What's more is that those numbers show an increase in employment despite a growing civilian labor force. The labor force is up nearly 800 since October 2010, and is now above 21,000.
Benson said that unemployment rate can be a tricky measurement of labor force, so the better indicator is the raw employment numbers. And those show stark improvements in just three years.
Since October 2010, the employment numbers show an increase of nearly 1,300 jobs to October 2013. Further, the numbers are up nearly 450 jobs since October 2012 and 150 in the month since September 2013 to 19,934 jobs.
Benson also discussed the sales tax collections, a good indicator of not only how many people are in a community, but whether the community is attracting people to area businesses.
While these numbers can fluctuate month to month, Benson's figures showed a year-over-year increase of 0.66 percent for the three months of September, October and November 2013. Year to date, Pittsburg has brought in a little more than 3 percent more than last year.
Benson also shared the results of a survey of existing businesses. Of the 62 that responded, 70 percent said their business was doing well or very well, with another 15 percent at fair/OK.
The businesses were also asked which issues keep them up at night, and the results were partly for local issues and partly for national trends.
In particular, the "overwhelming" top concern was workforce, with employers saying they can't find employees they need with the right skill set. The next issues were uncertainty with the Affordable Care Act, rising costs of doing business and concern for the growth of the local economy.
The survey even further drilled down on the local issues affecting businesses. While 20 percent of the responses were "none," the top issues listed were the growth and socioeconomic status of Southeast Kansas, the local workforce and the tax rate.
This survey also asked what can be done by Pittsburg to help these businesses. Workforce development came in at the top of the list for both skilled and professional employees.
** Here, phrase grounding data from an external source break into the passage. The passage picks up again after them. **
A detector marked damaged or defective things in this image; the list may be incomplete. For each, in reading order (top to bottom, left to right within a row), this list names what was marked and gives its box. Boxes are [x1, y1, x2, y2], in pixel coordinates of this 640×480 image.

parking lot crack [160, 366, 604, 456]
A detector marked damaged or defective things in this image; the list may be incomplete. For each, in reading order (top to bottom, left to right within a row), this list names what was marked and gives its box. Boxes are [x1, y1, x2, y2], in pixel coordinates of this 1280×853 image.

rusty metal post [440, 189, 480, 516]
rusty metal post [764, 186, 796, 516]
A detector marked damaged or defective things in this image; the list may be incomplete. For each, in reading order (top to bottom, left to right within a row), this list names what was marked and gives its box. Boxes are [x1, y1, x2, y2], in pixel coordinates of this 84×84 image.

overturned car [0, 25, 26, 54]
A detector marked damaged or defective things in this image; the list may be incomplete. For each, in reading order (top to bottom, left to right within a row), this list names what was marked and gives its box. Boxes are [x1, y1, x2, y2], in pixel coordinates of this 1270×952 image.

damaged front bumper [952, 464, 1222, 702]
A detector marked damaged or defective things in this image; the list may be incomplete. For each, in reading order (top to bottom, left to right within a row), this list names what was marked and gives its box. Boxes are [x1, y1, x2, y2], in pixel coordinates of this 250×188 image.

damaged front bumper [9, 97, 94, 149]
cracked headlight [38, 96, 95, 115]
Continued business development/growth and a continued focus on growing businesses were also listed in the responses.
Benson mentioned some long-term projects on the horizon, including the pursuit of a Technical Education Center in the county that could help address some of those concerns over workforce development.
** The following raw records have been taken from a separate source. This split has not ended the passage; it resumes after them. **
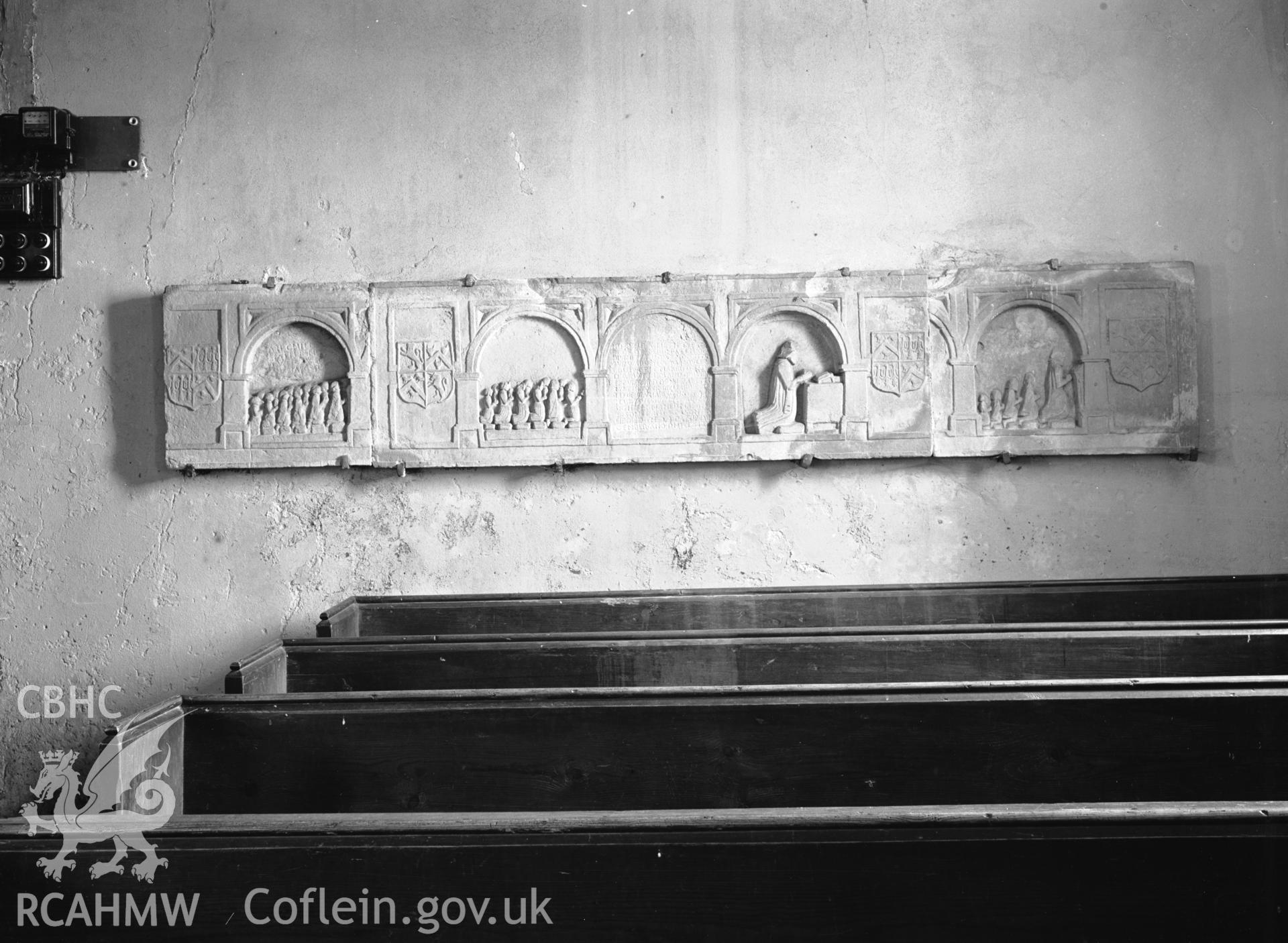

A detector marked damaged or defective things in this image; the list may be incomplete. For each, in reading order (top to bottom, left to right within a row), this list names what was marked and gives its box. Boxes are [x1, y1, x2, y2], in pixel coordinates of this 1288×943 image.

damaged plaster patch [507, 130, 533, 195]
crack in plaster [507, 130, 533, 195]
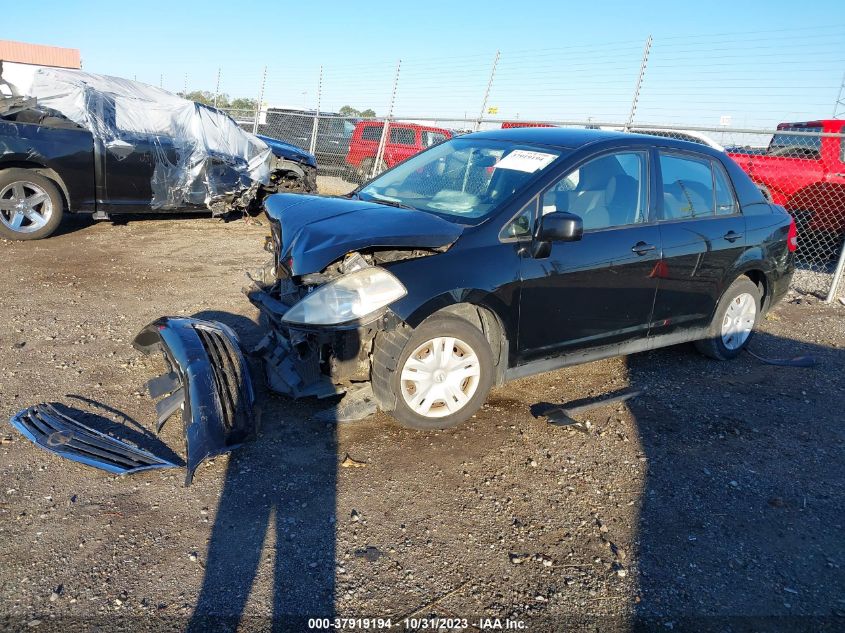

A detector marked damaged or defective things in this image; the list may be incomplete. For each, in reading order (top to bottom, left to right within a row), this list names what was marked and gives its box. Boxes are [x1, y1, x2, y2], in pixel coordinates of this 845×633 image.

covered damaged car [0, 61, 316, 239]
wrecked black sedan [0, 62, 316, 239]
cracked headlight [280, 266, 406, 326]
crumpled hood [264, 194, 462, 276]
wrecked black sedan [247, 125, 796, 428]
covered damaged car [247, 126, 796, 428]
detached bumper [133, 316, 254, 484]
In addition, the hotel/retail feasibility study will be completed by Dec. 31, with a report being delivered to the city commissioners at their next meeting on January 14.
As for downtown, Benson said the city was looking into possibilities with a "pop-up" store concept, in which a business gets a storefront, often for 3-4 months, to see if their business concept can or will work.
In the anecdotal evidence category, Benson noted the ribbon cuttings at Krimson Kultuur and Fuzzy's Taco Shop in the last month, as well as at Mike Carpino Auto Group/Hertz Rent a Car.
Benson's address was not without bad news, as he noted the planned closures of Mission Clay and of CherryBerry. The Goodwill store that has been built but not opened in north Pittsburg will also entertain offers for others to move into that building.
"I don't think they're going to move into it anytime soon," Benson said.